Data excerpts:

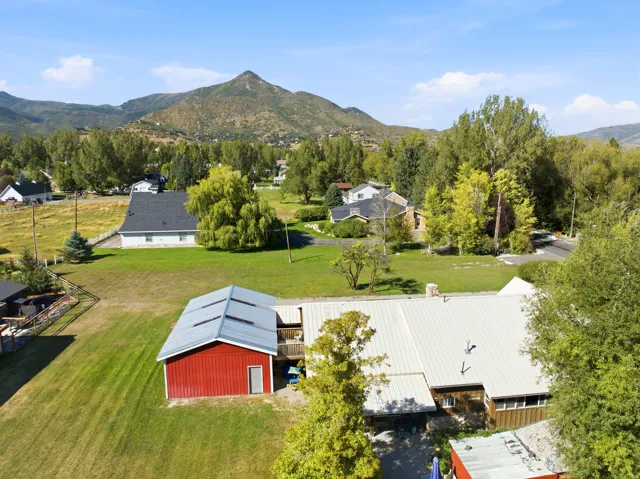 Expansive property with a red barn garage, a main residence featuring a metal roof, and a mature treed landscape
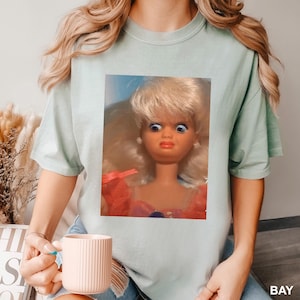May include: A light green t-shirt featuring a close-up image of a vintage doll with blonde hair, blue eyes, and a surprised expression. The doll is wearing a pink and red dress. The word "BAY" is visible in the bottom right corner.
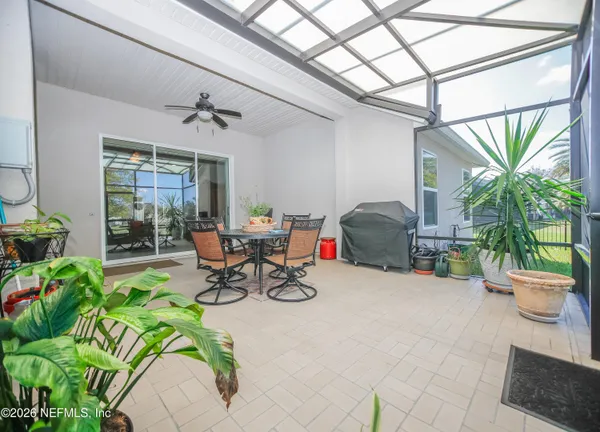 a living room filled with furniture and a potted plant
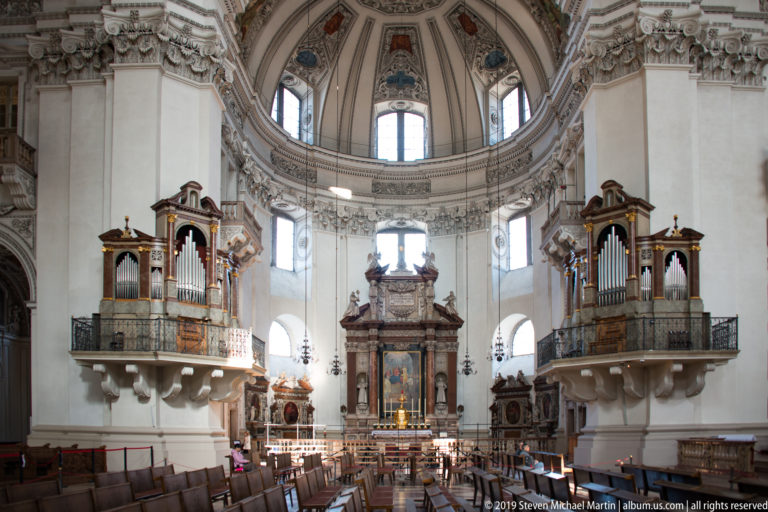 Symmetrical cathedral interior with high altar ahead, organ galleries on both sides, rows of chairs, arched windows, and dome above.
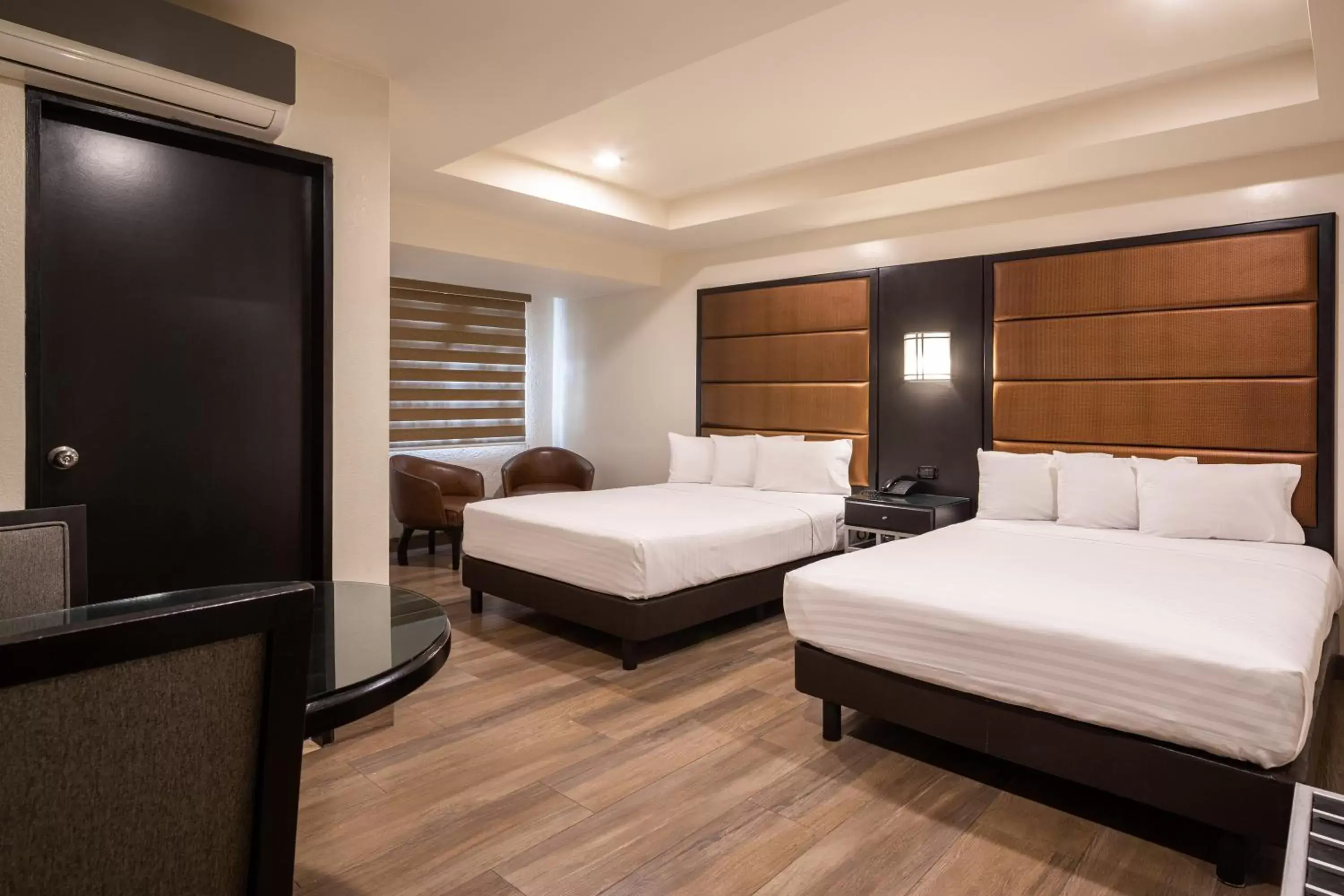 Bed in Hotel Astor Tijuana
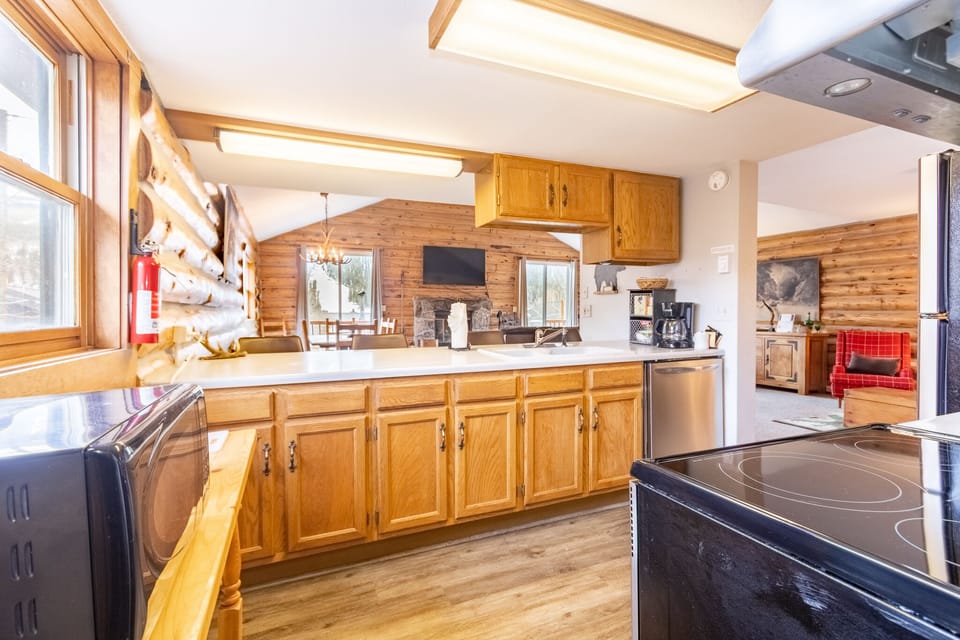 Your spacious kitchen features warm wood cabinets, modern appliances, and skylights that fill the space with natural light for memorable meal prep.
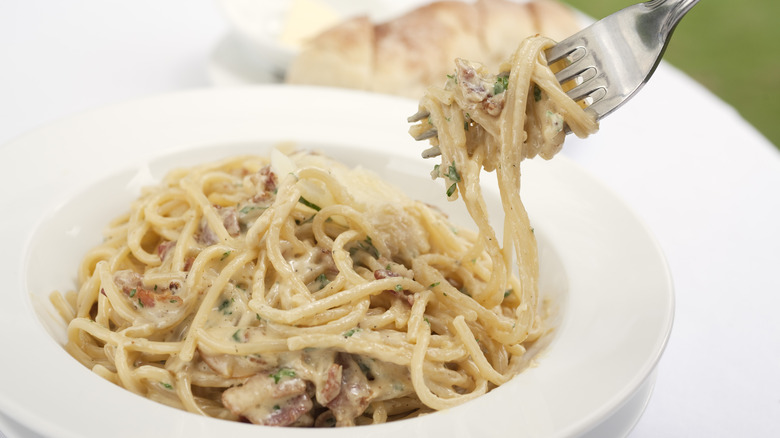 Spaghetti carbonara on fork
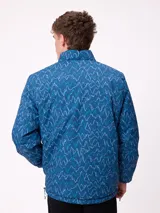 Campera reversible de nylon con cuello alto y cierre frontal. Un lado es de color gris liso con logo bordado, mientras que el otro lado presenta un estampado abstracto en tonos azules. Cuenta con bolsillos laterales y puños elásticos.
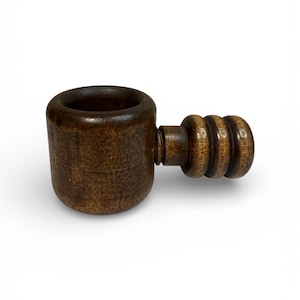 May include: A wooden nutcracker with a dark brown finish. The nutcracker has a cylindrical body and a handle with a series of rounded ridges. The design is simple and classic, suitable for cracking various nuts.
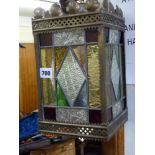 A late Victorian square hall lantern in pierced brass and leaded, coloured, and patterned glass TO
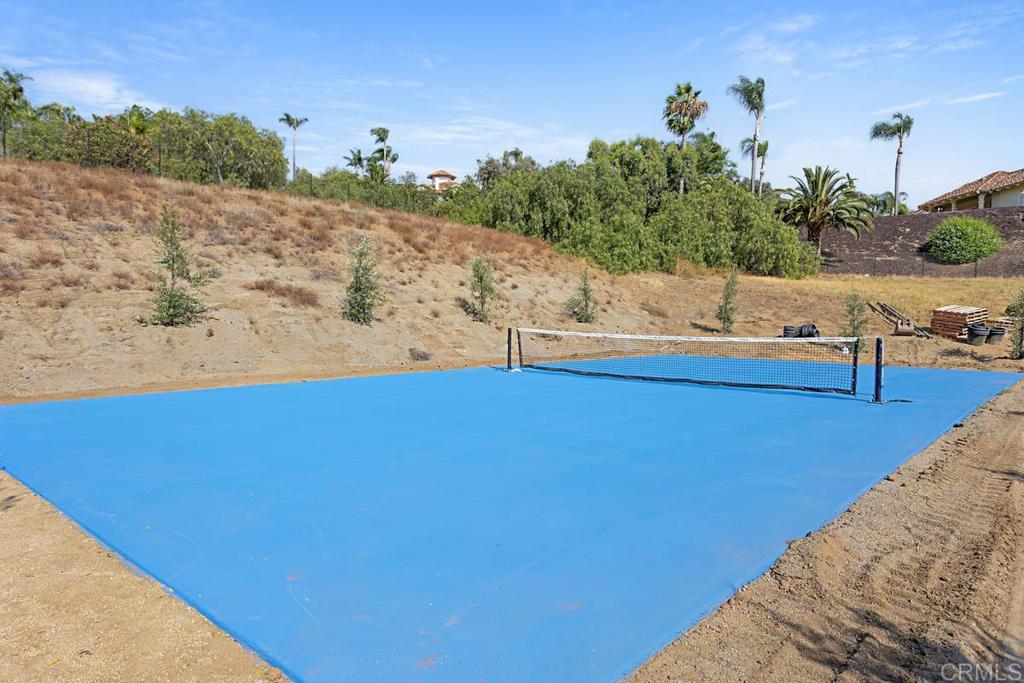 5808 Lake Vista Drive Bonsall, CA 92003 - Photo 35 of 40 a view of a swimming pool with an outdoor space and seating area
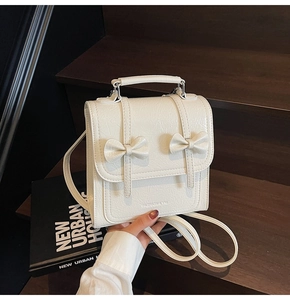 Detailed view of off-white PU leather backpack with decorative bows on wooden stairs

**REQUIRED ACTION**
Print once more, exactly, the lines that start at the top of the records above and end at the line with "May include: A light", skipping all pictures.

**EXPECTED ANSWER**
 Expansive property with a red barn garage, a main residence featuring a metal roof, and a mature treed landscape
May include: A light green t-shirt featuring a close-up image of a vintage doll with blonde hair, blue eyes, and a surprised expression. The doll is wearing a pink and red dress. The word "BAY" is visible in the bottom right corner.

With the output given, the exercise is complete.